To test that, I stuck a ten-second sleep(1) in the netmount runscript, and sure enough, on the next boot, /home was mounted.

My first guess is that the network isn't coming up fast enough (it is DHCP), but shouldn't the init structure account for that?
Back to top
View user's profile Send private message
twork
Apprentice
Apprentice


Joined: 28 Jul 2006
Posts: 176

PostPosted: Fri May 01, 2015 4:07 am    Post subject: Reply with quote

FWIW: DHCP isn't the culprit; static IP addressing gives the same behavior.

Can't blame my name service either (long shot); finding the NFS server by IP address also doesn't change things.

But that ten second delay at mount time works every time.
Back to top
View user's profile Send private message
steveL
Watchman
Watchman


Joined: 13 Sep 2006
Posts: 5153
Location: The Peanut Gallery

PostPosted: Fri May 01, 2015 1:15 pm    Post subject: Reply with quote

/home and other partitions are mounted as part of localmount which I'm not seeing listed.

edit: oops you said a delay fixes it.
You might find these functions useful, if you think there's something up with the dependencies.
Back to top
View user's profile Send private message
twork
Apprentice
Apprentice


Joined: 28 Jul 2006
Posts: 176

PostPosted: Fri May 01, 2015 2:01 pm    Post subject: Reply with quote

Thanks. But... All that tells me (right?) is the dependencies listed in a particular init script. I can already read that for myself.

What I don't know is what I should be looking for. I've stepped through the init process several times, and I can't make it fail any other way besides slowing it down.

My hunch is that there's something in the NFS setup apparatus that's working fine, but takes a while to finish; but the init script doesn't test for that process completing before it tries to do the mount. And I don't know any way to test for it other than... a successful mount, and I don't want to stick some sort of while-do loop in there that's going to hang indefinitely the first time my NFS setup has a real problem...

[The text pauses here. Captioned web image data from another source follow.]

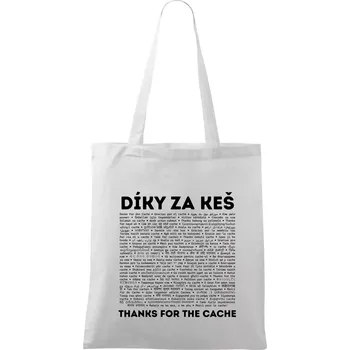 Díky za keš (v různých jazycích) - Taška bavlněná - 42 x 38 cm ( Bílá )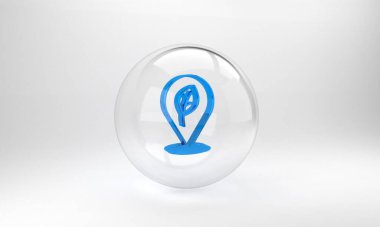 Gri arkaplanda yaprak simgesi olan mavi konum. Çevre enerjisi kavramı. Alternatif enerji kavramı. Cam daire düğmesi. 3 Boyutlu resimleme.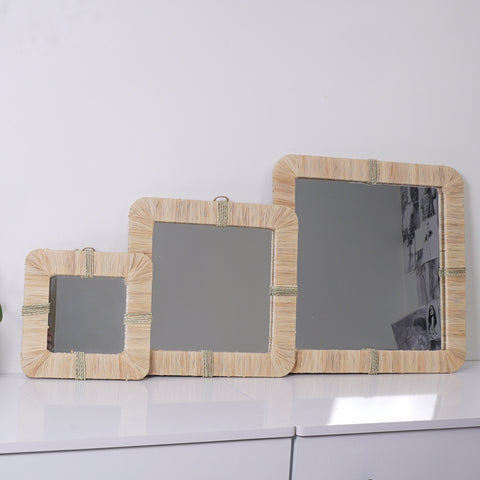 Lot de 3 miroirs muraux carrés en rotin- décoration murale-Miroir bohème en rotin-Miroir décoratif mural-Miroirs en osier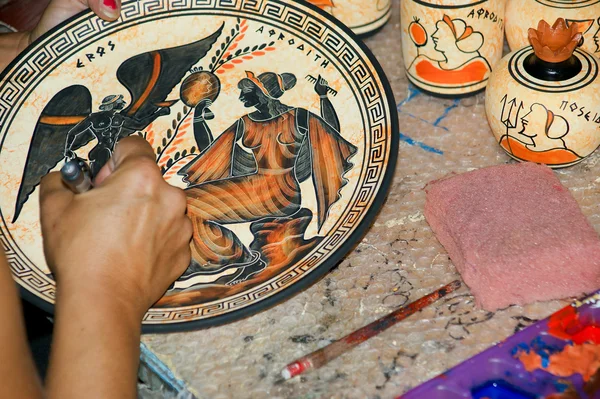 Pottery by making copies of ancient Greek vases — Stock Photo, Image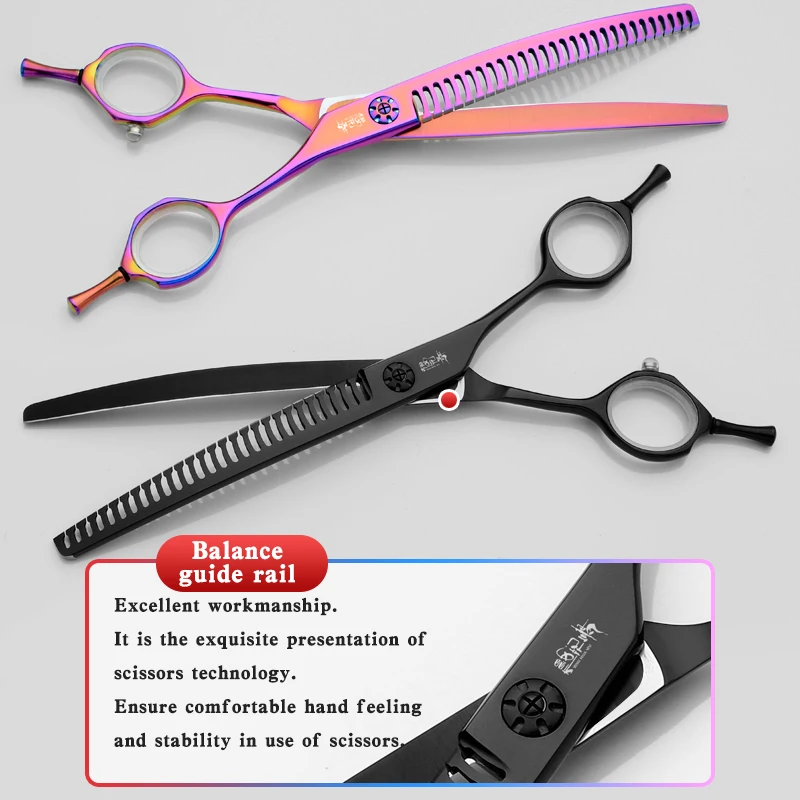 Tijeras de espina de pescado curvadas de Color, Peauty profesional para mascotas, 7,0 pulgadas, cuidado para perros, tijeras curvadas, depilación, 75% - imagen 4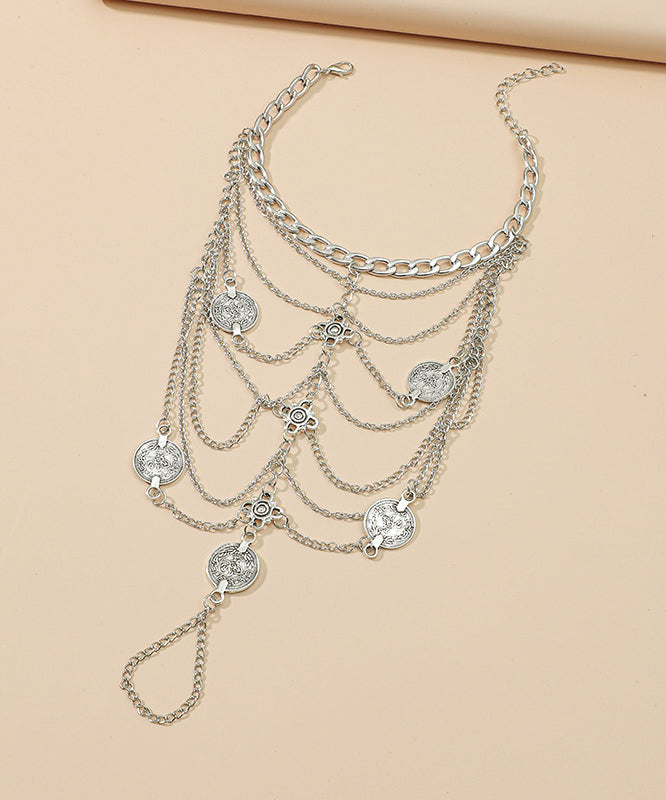 Boho Silk Metal Multilayer Tassel Anklets QU035 JEW-Ank241007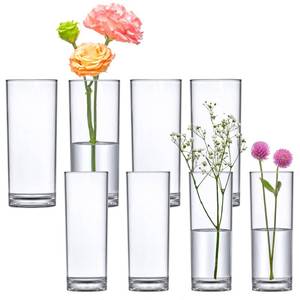 lot 19429 image: Amazing Abby - Viola Minuto - Plastic Cylinder Vases (8-Piece Set), Acrylic Flower Vases for Wedding Centerpieces, Home Decorations, Office Ornaments, Shatter-Proof, 6  7 (H) (Not Glass)
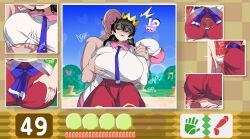 !? 1boy 1girl absurdres angry ass_grab black_hair braid breasts buttjob captain_kirb clothed_female_nude_male clothed_sex clothes crown glasses grabbing grabbing_another&#039;s_ass grabbing_another&#039;s_breast grabbing_from_behind highres huge_breasts huge_penis kirby_(series) kirby_64 long_hair looking_at_viewer nintendo nude penis purple_eyes ripple_star_queen speech_bubble twin_braids twintails veins veiny_penis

For now, the delay is good enough, I suppose; it does the job. But I'd rather fix the trouble for real if I just knew what it was.
Back to top
View user's profile Send private message
steveL
Watchman
Watchman


Joined: 13 Sep 2006
Posts: 5153
Location: The Peanut Gallery

PostPosted: Sat May 02, 2015 1:48 pm    Post subject: Reply with quote

Sure you can read that for yourself, but it's more about when you're working deep in the tree of dependencies, and you need to see what various things (pretty much at random) are doing. It helps you keep an overview.
But like I said, that's "if you think there's something up with the dependencies." (though you can ofc see any function, from any initscript.)

As for your actual issue, I don't use NFS, so I'll bow out.

I'd recommend asking in #gentoo on IRC: chat.freenode.net for live support, and quicker discussion.

#networking is also meant to be good, but it's not my area so not been in there. (probably not very useful for this, but useful generally.)

Oh, and the wiki page on this (again not something I have first-hand knowledge of) using openrc without netifrc, ie dhcpcd.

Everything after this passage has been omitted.